日本経団連では物流の効率化を促進する観点から、予てより大型車両の車両総重量の緩和及び車高規制の緩和について積極的に取り組んできたところだが、当該規制緩和については、「規制改革推進3ヵ年計画(再改定)」(2003年3月28日閣議決定)において、2003年度中に検討・実施されることとなった。
しかしながら、行政当局(国交省道路局・自交局、警察庁)は、現状、違反車両が多く、大型車両の事故が後を絶たない実態を踏まえると、規制の見直しに当たっては、民間サイドにおける大型車両の通行に係る安全対策を確実に講じていくことが必要との認識であり、日本経団連に対して、主に荷主としての立場から、安全対策について特段の配慮をお願いしたいとの強い要請があった。
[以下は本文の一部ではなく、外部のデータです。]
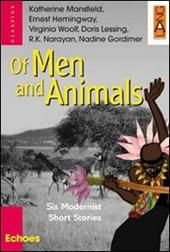Of men and animals. Six modernist short stories.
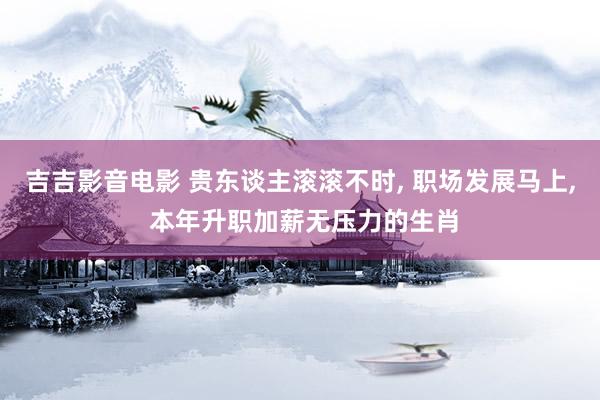 吉吉影音电影 贵东谈主滚滚不时， 职场发展马上， 本年升职加薪无压力的生肖
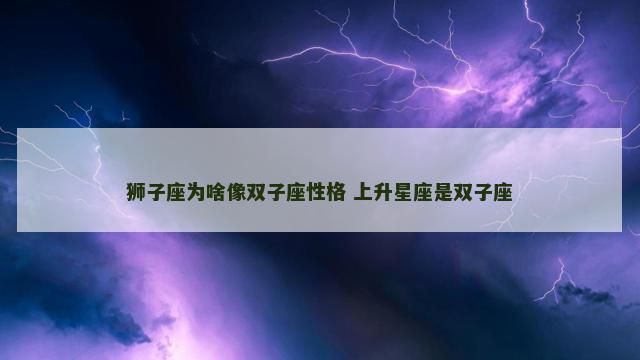 狮子座为啥像双子座性格 上升星座是双子座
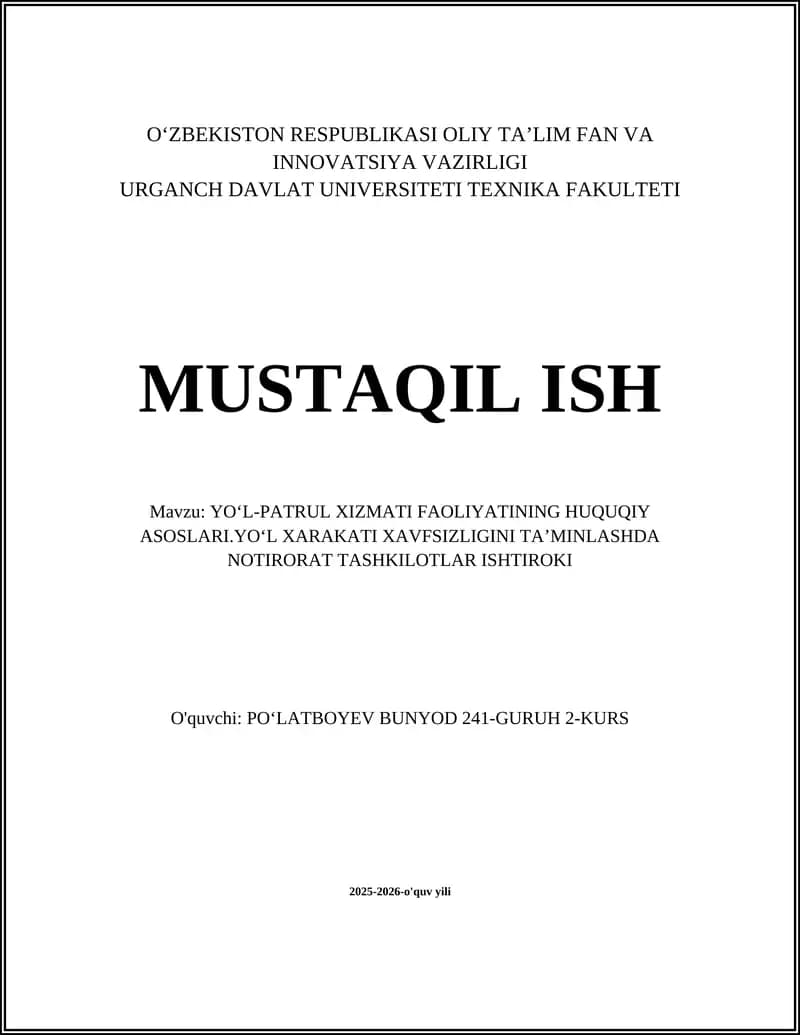 YOʻL-PATRUL XIZMATI FAOLIYATINING HUQUQIY ASOSLARI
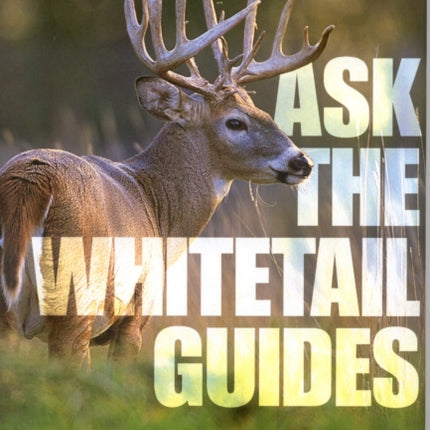 Ask the Whitetail Guides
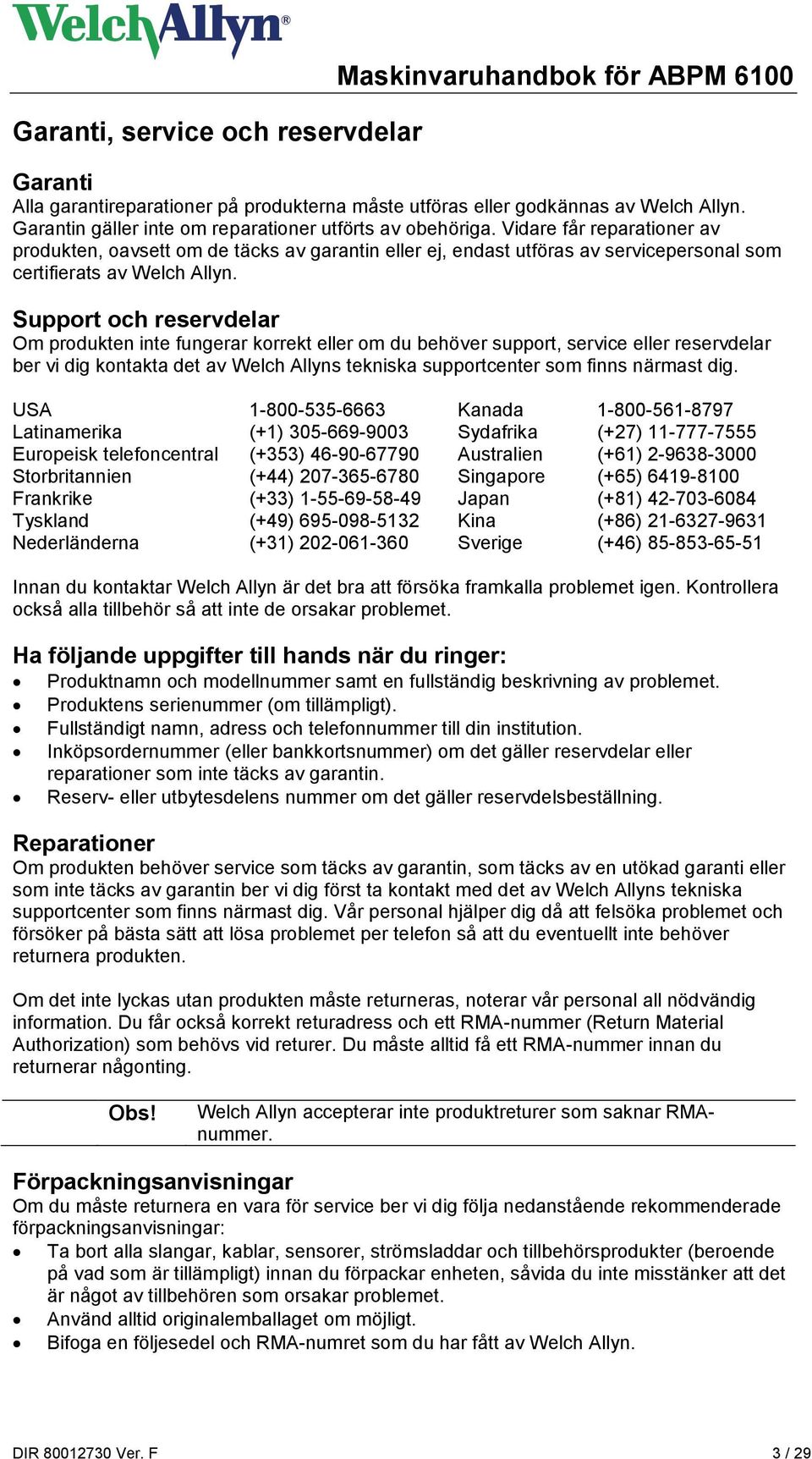 Vidare får reparationer av produkten, oavsett om de täcks av garantin eller ej, endast utföras av servicepersonal som certifierats av Welch Allyn.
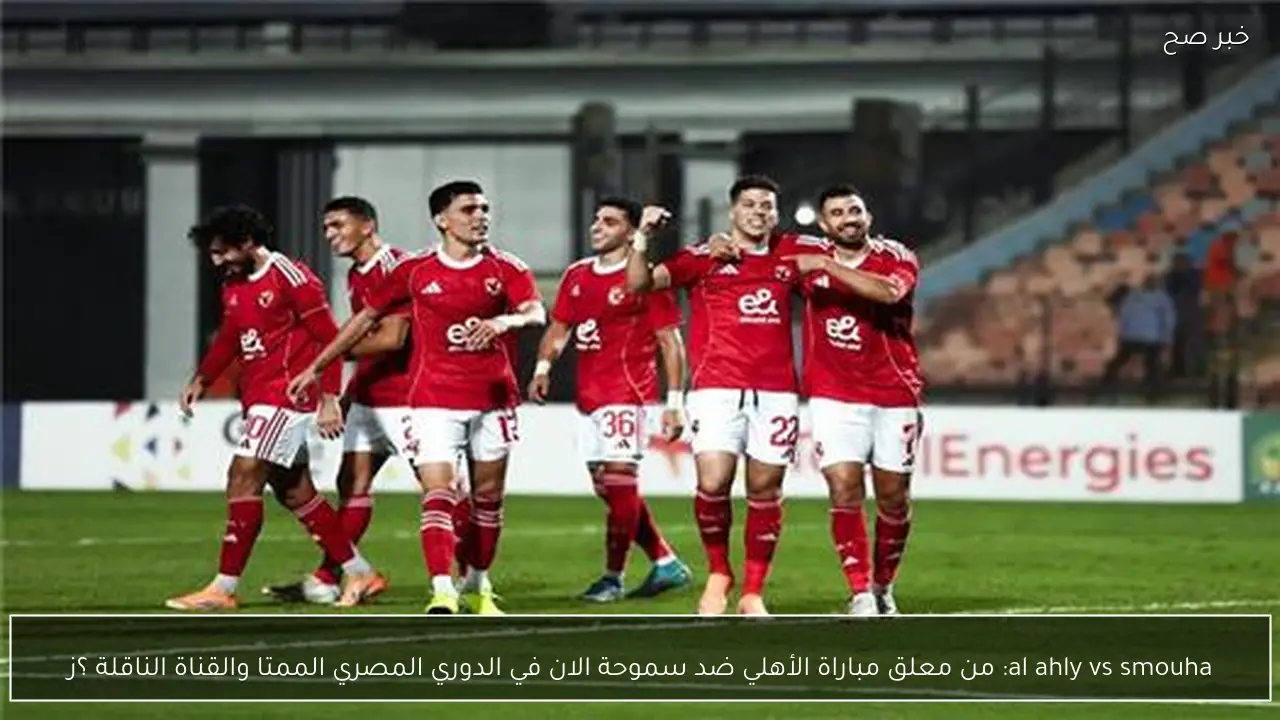 al ahly vs smouha: من معلق مباراة الأهلي ضد سموحة الان في الدوري المصري الممتاز 2026 والقناة الناقلة ؟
日本経団連としても、法令遵守の観点、及び規制改革を迅速に推進する観点から、上記要請に協力する必要があるものと認識し、企業行動憲章およびその精神に則り、「安全運送に関する荷主としての行動指針」を策定することとした。
また、会員企業・団体に自主的な取り組みを呼びかけることにより、違反車両や事故の減少につなげるとともに、物流の効率化が図られることを期待し、さらに、同指針については、その趣旨がより多くの荷主企業に理解されることが重要との認識から、その周知徹底を図るため、関係業界団体や他の経済団体の協力を得て広く産業界全般に浸透するよう努めることとした。
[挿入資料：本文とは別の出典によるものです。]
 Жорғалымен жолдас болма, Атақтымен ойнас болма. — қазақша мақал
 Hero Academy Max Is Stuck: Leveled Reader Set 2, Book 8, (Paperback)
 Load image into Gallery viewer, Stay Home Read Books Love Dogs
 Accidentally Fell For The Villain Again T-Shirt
荷主企業・団体は、企業行動憲章およびその精神に則り、交通法規の遵守と安全運送の確保に努め、広く社会からの信頼が得られるよう行動するものとする。
法令を遵守し、運送事業者に対して、過積載や高さ制限違反等の法令違反となるような要求はしない。
運送事業者の選定にあたっては、ISO9001基準や安全性優良事業所認定制度などの客観的な基準を積極的に活用する。
法令違反を繰り返す運送事業者に対しては、取引の停止などを含め、毅然とした態度で臨む。
運送事業者との協力のもと、安全運送に関する定期的な協議・会合の実施、安全パンフレットの配布など安全運送の確保と啓蒙活動に努める。
その他、安全運送に必要な対策を講ずることに努める。